◆ **Crawled caption data**
=-=-=

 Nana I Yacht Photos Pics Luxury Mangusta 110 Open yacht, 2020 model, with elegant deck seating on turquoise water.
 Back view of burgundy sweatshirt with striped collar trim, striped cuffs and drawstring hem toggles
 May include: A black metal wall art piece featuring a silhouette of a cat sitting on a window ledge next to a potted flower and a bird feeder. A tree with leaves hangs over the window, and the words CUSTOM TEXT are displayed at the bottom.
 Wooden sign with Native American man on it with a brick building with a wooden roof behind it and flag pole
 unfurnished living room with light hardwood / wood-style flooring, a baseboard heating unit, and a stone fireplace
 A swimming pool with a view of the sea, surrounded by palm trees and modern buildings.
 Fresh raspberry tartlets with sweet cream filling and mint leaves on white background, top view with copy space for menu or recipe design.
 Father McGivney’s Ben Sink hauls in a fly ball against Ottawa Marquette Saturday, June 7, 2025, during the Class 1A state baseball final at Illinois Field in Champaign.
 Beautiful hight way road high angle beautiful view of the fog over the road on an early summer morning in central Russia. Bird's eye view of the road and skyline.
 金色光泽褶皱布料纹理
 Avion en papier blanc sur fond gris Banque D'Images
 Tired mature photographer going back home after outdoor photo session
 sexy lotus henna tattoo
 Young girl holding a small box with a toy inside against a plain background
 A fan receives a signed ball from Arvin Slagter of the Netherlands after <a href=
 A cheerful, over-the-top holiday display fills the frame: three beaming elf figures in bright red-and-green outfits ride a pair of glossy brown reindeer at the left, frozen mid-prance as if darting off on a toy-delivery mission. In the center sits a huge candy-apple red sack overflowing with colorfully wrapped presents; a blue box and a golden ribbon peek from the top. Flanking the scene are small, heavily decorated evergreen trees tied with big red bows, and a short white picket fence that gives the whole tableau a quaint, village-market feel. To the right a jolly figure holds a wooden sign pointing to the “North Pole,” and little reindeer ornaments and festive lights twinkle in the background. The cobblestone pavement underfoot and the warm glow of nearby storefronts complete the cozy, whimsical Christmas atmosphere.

=-=-=

◆ **Task objective**
Show all lines above holding "against".

◆ **Expected answer**
 Father McGivney’s Ben Sink hauls in a fly ball against Ottawa Marquette Saturday, June 7, 2025, during the Class 1A state baseball final at Illinois Field in Champaign.
 Young girl holding a small box with a toy inside against a plain background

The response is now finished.